Work item: Where an image appears, leave it out; otherwise repeat the data exactly.

Excerpts from a dataset:
------------------------

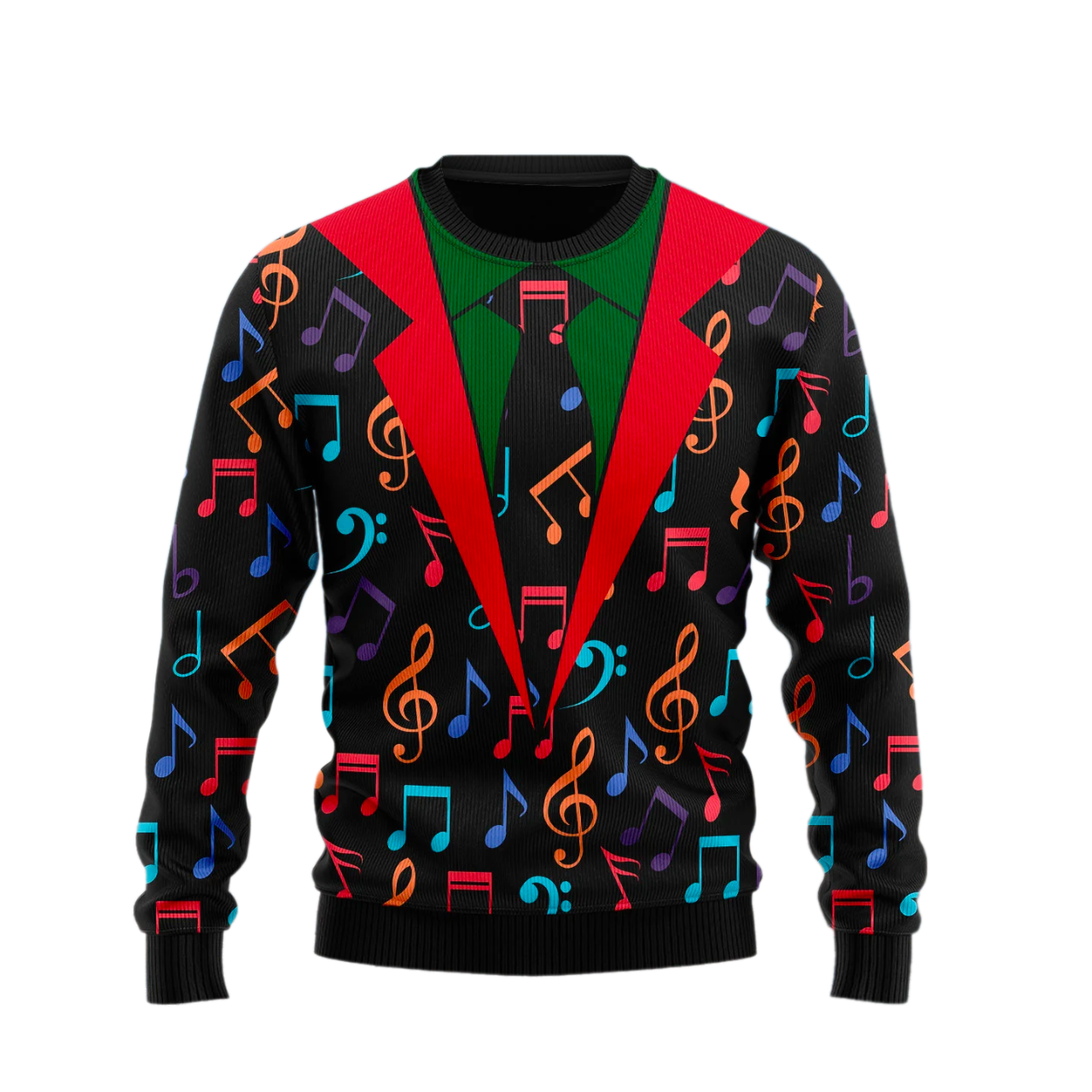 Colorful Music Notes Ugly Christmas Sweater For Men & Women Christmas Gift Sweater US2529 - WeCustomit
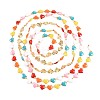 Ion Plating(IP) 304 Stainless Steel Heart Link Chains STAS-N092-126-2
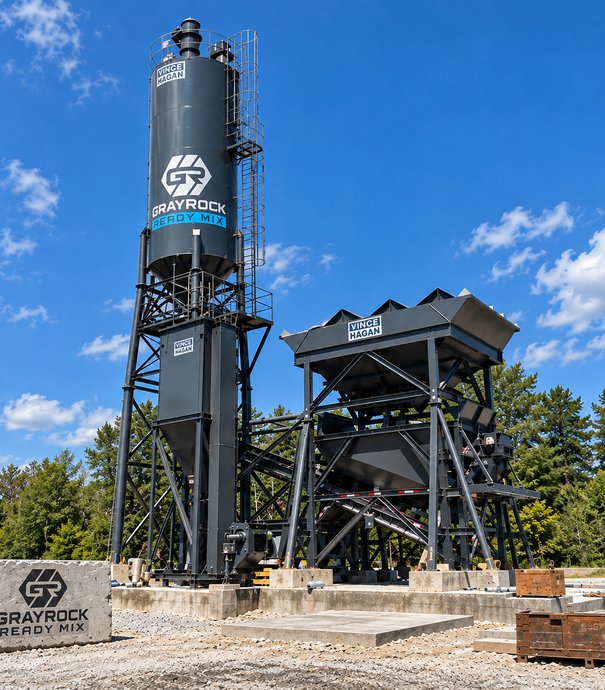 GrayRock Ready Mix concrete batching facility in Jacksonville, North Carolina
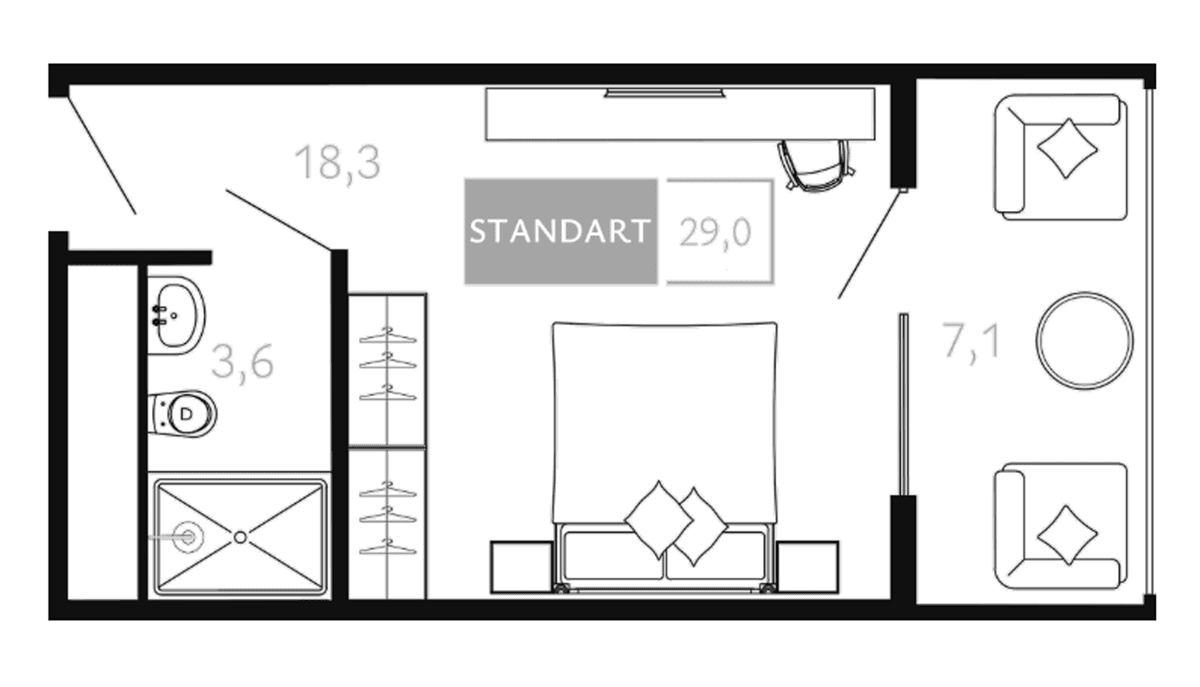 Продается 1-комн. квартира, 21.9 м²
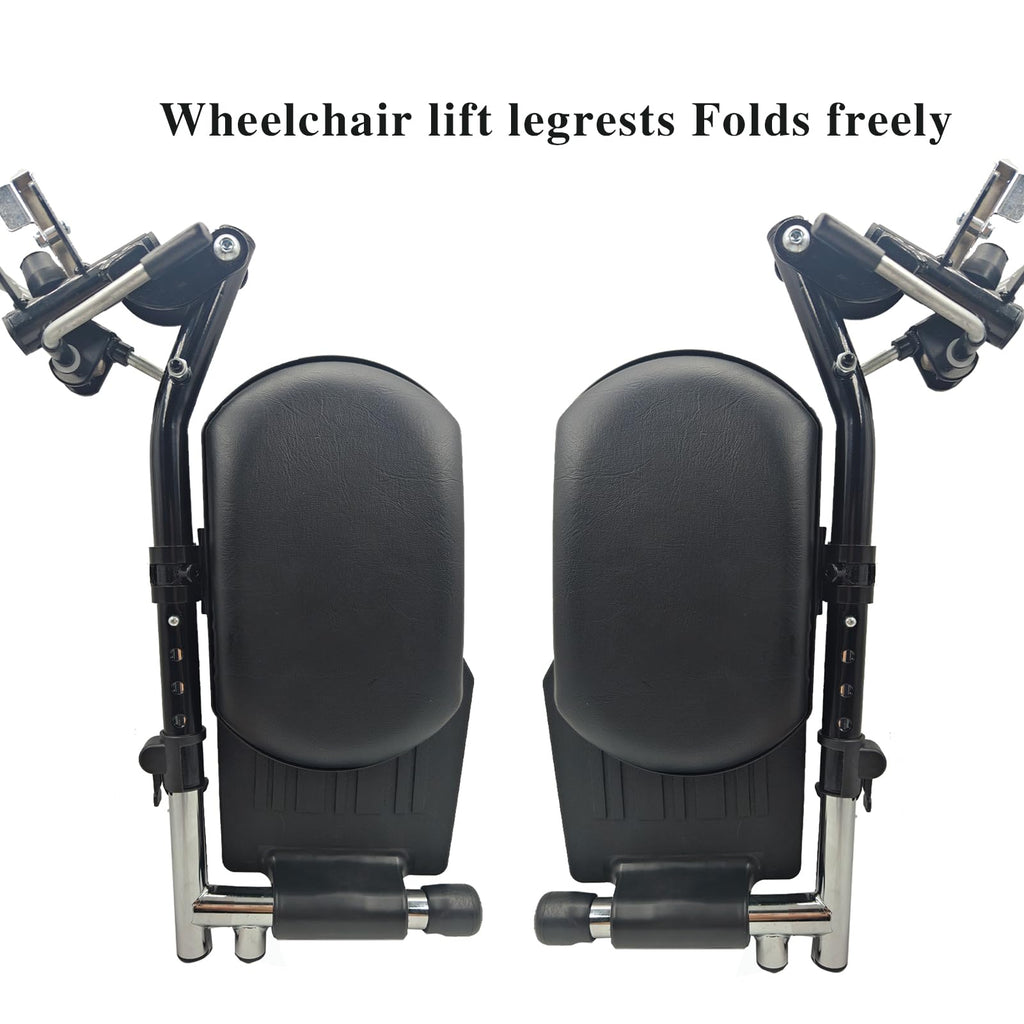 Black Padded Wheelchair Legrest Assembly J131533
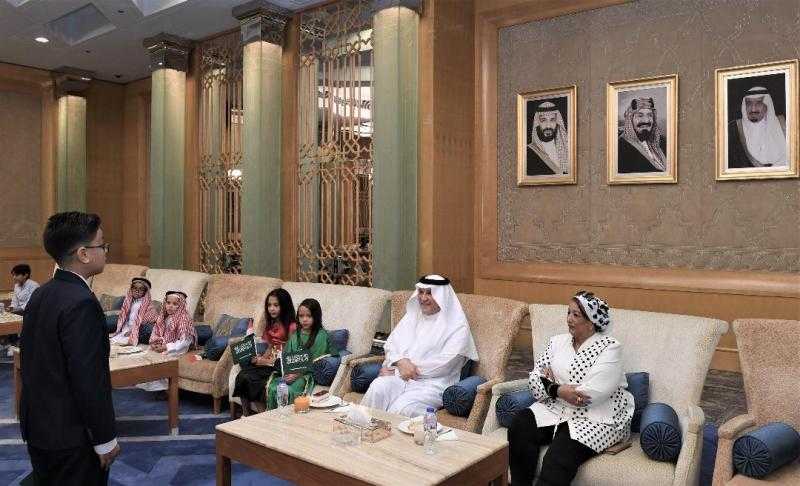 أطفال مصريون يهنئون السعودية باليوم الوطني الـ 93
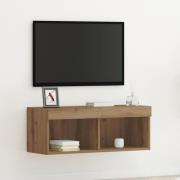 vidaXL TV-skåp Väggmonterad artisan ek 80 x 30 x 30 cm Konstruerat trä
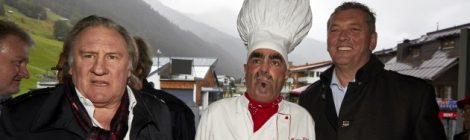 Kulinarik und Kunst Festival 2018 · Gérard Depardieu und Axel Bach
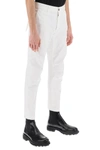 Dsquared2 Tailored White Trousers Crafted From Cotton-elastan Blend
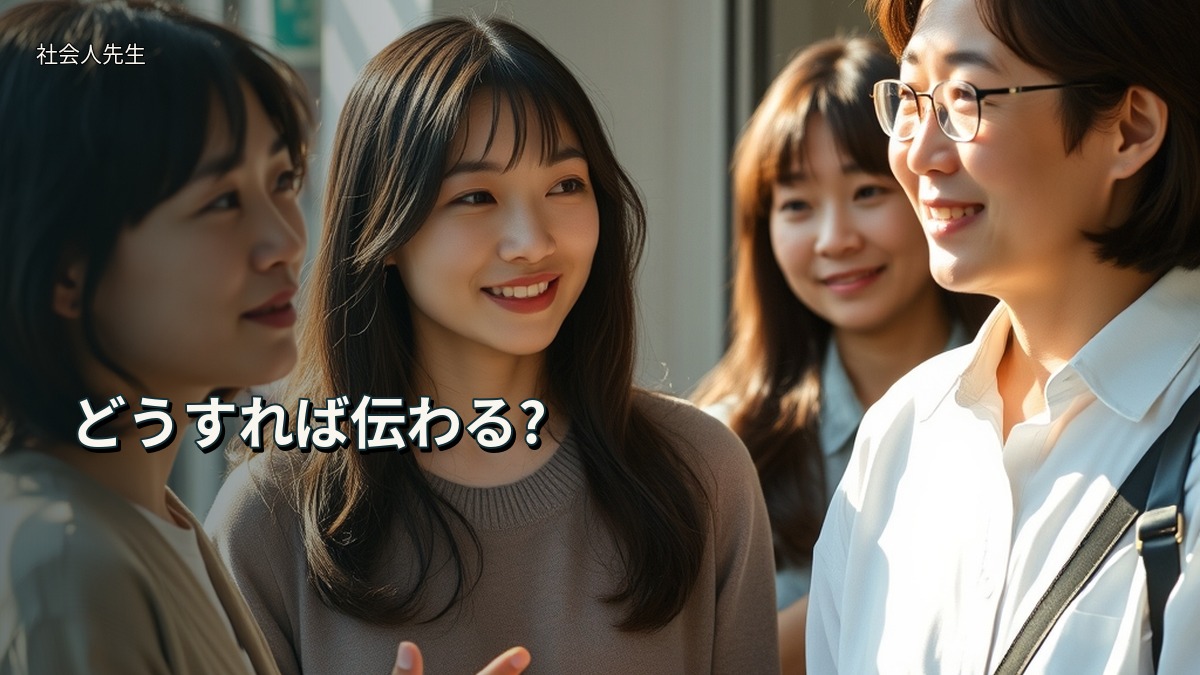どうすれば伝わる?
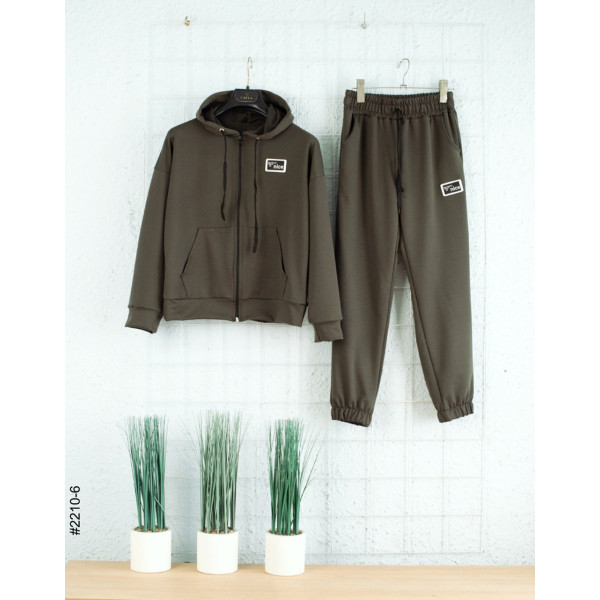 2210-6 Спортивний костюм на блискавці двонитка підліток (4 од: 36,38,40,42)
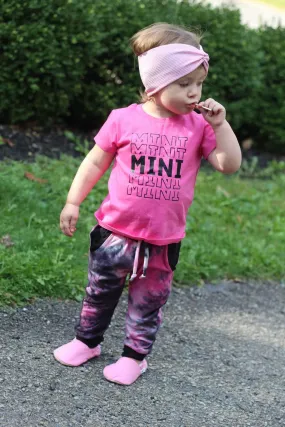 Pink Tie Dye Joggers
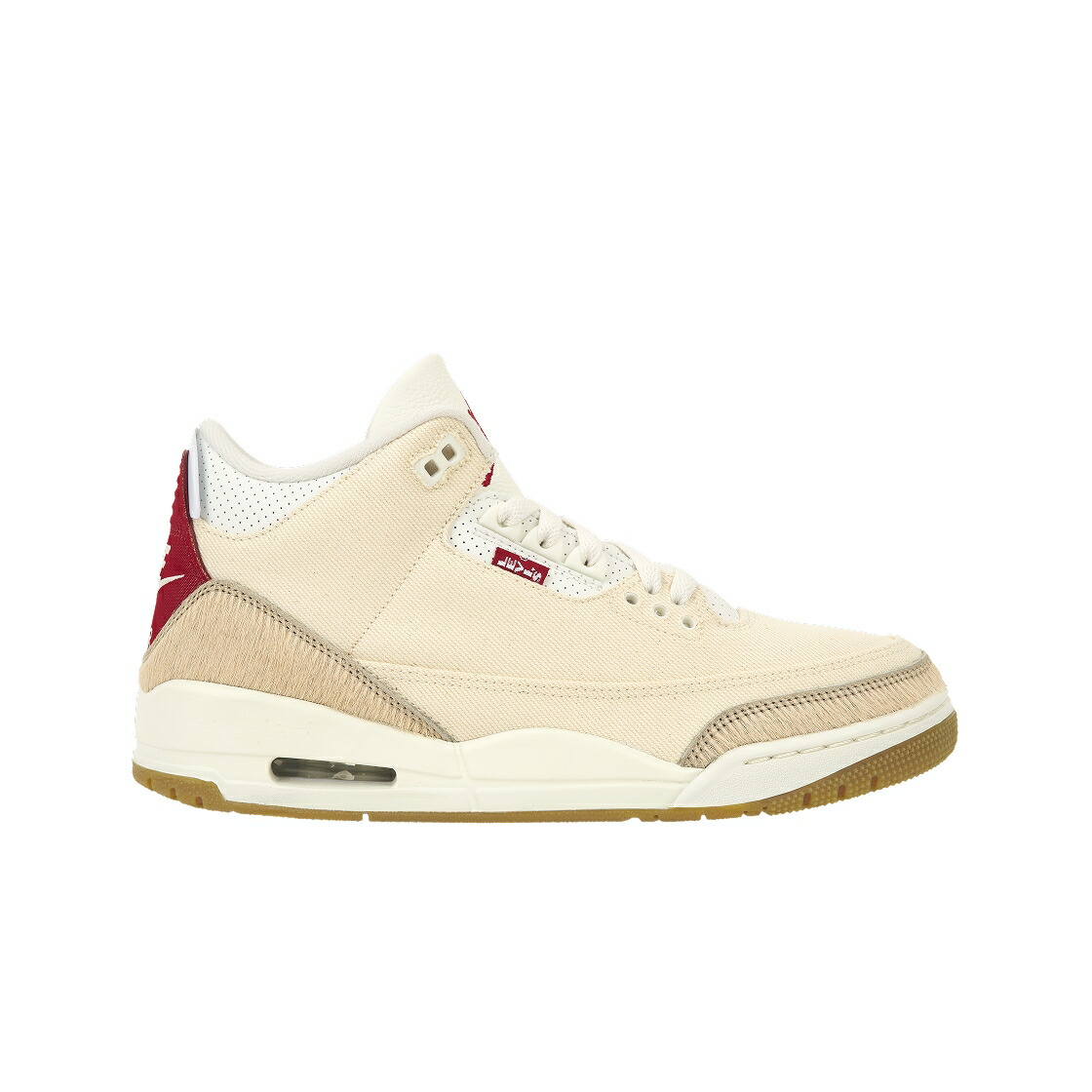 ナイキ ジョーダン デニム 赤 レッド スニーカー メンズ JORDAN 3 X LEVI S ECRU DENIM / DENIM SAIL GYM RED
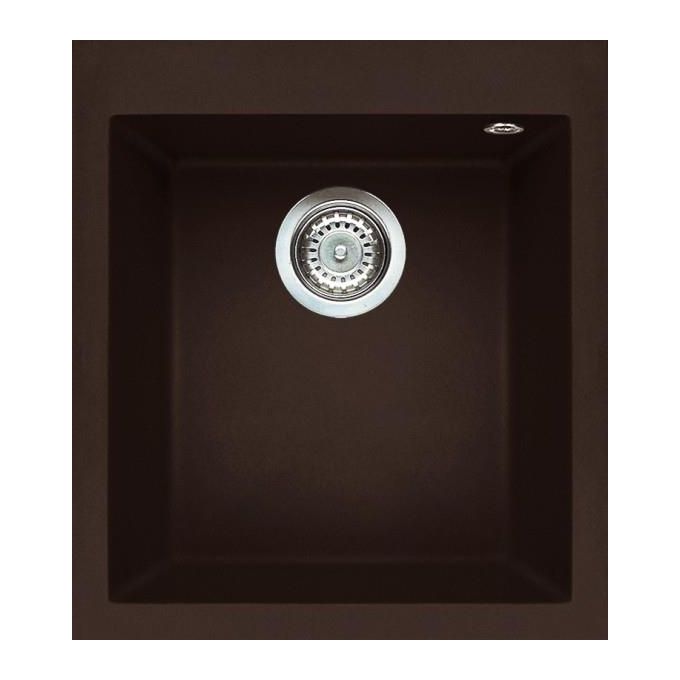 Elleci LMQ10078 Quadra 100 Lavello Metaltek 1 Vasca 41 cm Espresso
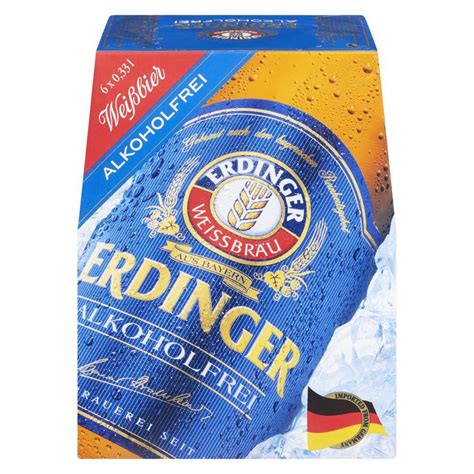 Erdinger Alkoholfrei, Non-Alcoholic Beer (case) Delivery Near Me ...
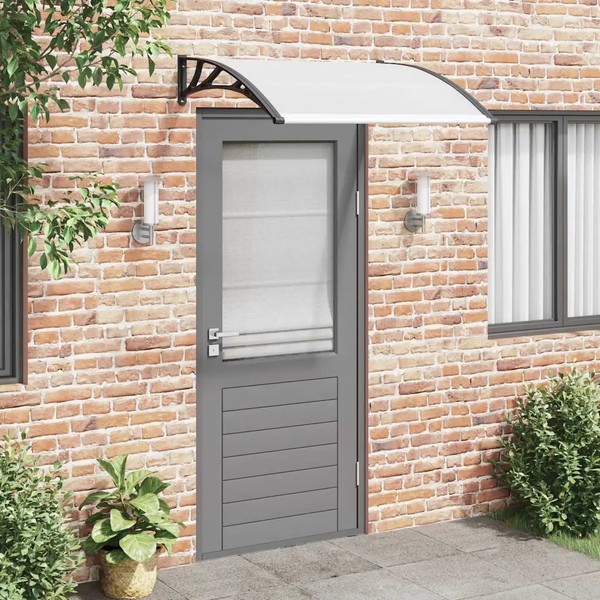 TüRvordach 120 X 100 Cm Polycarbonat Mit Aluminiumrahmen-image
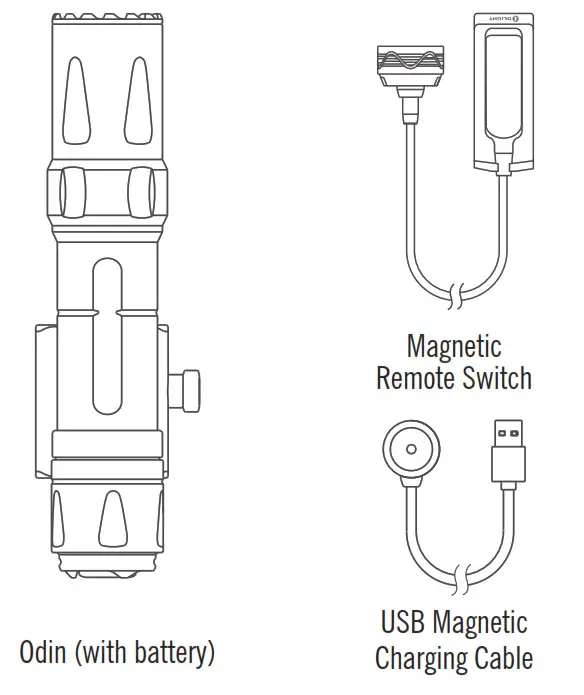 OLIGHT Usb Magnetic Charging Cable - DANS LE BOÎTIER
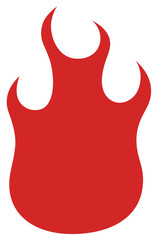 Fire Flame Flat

------------------------

Problem solution:
 Colorful Music Notes Ugly Christmas Sweater For Men & Women Christmas Gift Sweater US2529 - WeCustomit
 Ion Plating(IP) 304 Stainless Steel Heart Link Chains STAS-N092-126-2
 GrayRock Ready Mix concrete batching facility in Jacksonville, North Carolina
 Продается 1-комн. квартира, 21.9 м²
 Black Padded Wheelchair Legrest Assembly J131533
 أطفال مصريون يهنئون السعودية باليوم الوطني الـ 93
 vidaXL TV-skåp Väggmonterad artisan ek 80 x 30 x 30 cm Konstruerat trä
 Kulinarik und Kunst Festival 2018 · Gérard Depardieu und Axel Bach
 Dsquared2 Tailored White Trousers Crafted From Cotton-elastan Blend
どうすれば伝わる?
 2210-6 Спортивний костюм на блискавці двонитка підліток (4 од: 36,38,40,42)
 Pink Tie Dye Joggers
 ナイキ ジョーダン デニム 赤 レッド スニーカー メンズ JORDAN 3 X LEVI S ECRU DENIM / DENIM SAIL GYM RED
 Elleci LMQ10078 Quadra 100 Lavello Metaltek 1 Vasca 41 cm Espresso
 Erdinger Alkoholfrei, Non-Alcoholic Beer (case) Delivery Near Me ...
 TüRvordach 120 X 100 Cm Polycarbonat Mit Aluminiumrahmen-image
 OLIGHT Usb Magnetic Charging Cable - DANS LE BOÎTIER
 Fire Flame Flat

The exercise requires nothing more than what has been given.